Abstract

Abstract Heresy was the most feared crime in the medieval moral universe. It was seen as a social disease capable of poisoning the body politic and shattering the unity of the church. The study of heresy in late medieval England has, to date, focussed largely on the heretics. In consequence, we know very little about how this crime was defined by the churchmen who passed authoritative judgement on it. By examining the drafting, publicizing, and implementing of new laws against heresy using published and unpublished judicial records, this book presents a study of inquisition in medieval England. It argues that because heresy was a problem simultaneously national and local, detection relied upon collaboration between rulers and the ruled. While involvement in detection brought local society into contact with the apparatus of government, uneducated laymen still had to be kept at arm's length because judgements about heresy were deemed too subtle and important to be left to them.
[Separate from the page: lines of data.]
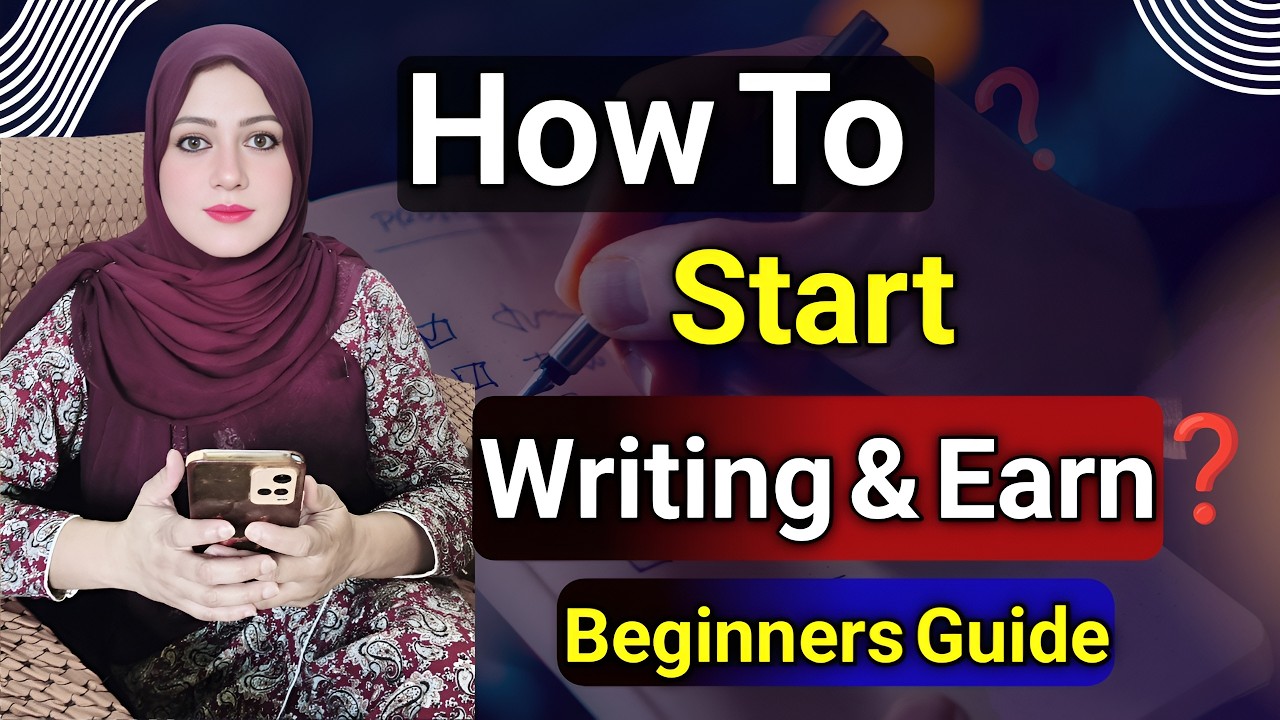 How to Start Earning from Online Writing (Step-by-Step Guide for Beginners)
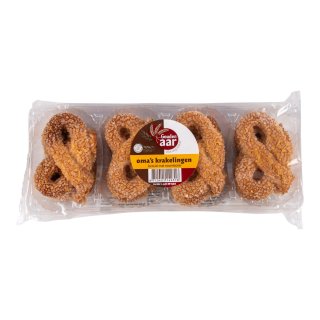Omas krakelingen 8 pakken x 200 gram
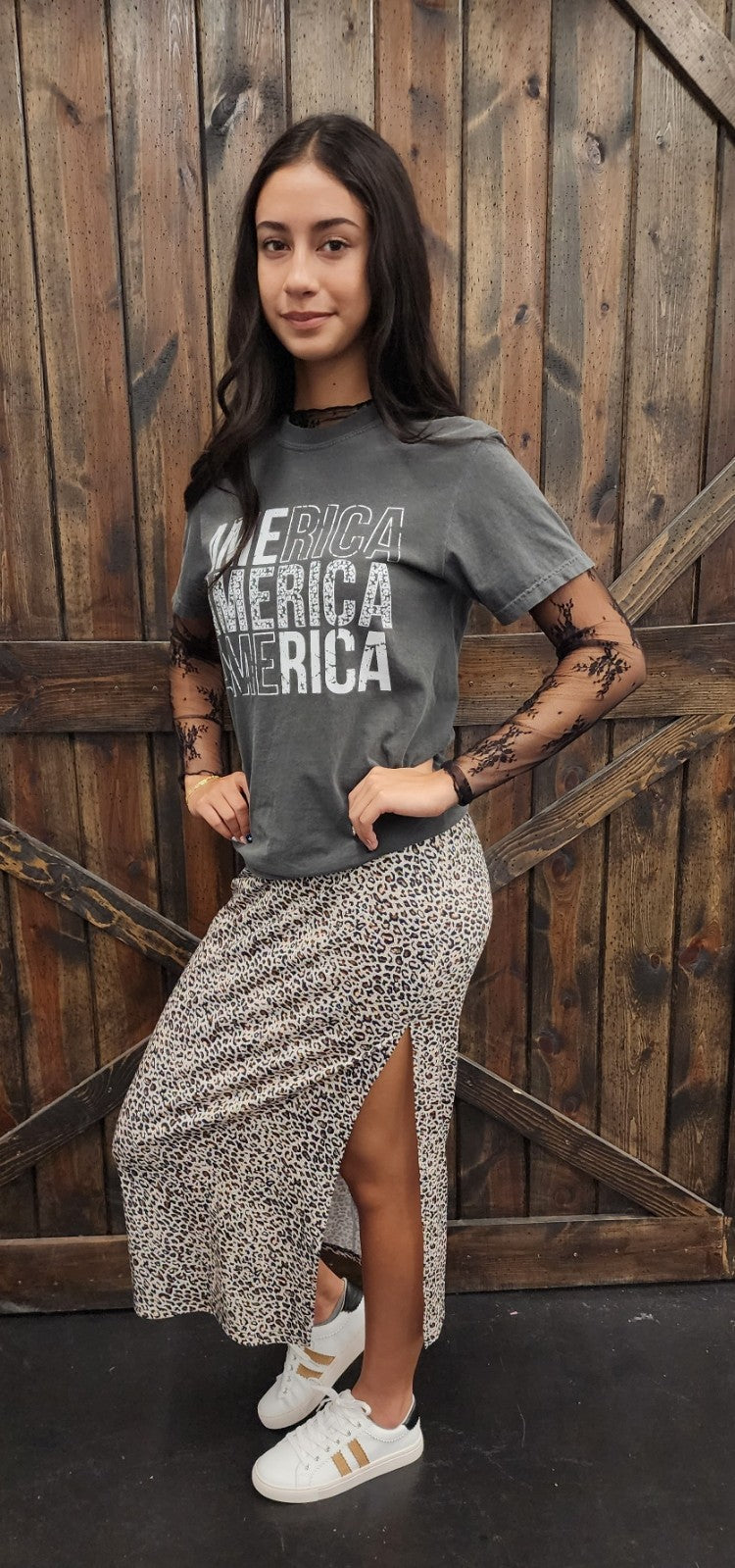 America Graphic Tee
Detection required bishops and inquisitors to balance reported suspicions against canonical proof, and threats to public safety against the rights of the suspect and the deficiencies of human justice. The major figures in the prosecution of heresy were Thomas Arundel and Henry Chichele, archbishops of Canterbury. At present, the character and significance of lollardy, the heresy associated with John Wyclif, in late medieval England is the subject of much debate. The book considers that this debate has to be informed by a greater awareness of the legal and social contexts within which heresy took on its many real and imagined attributes.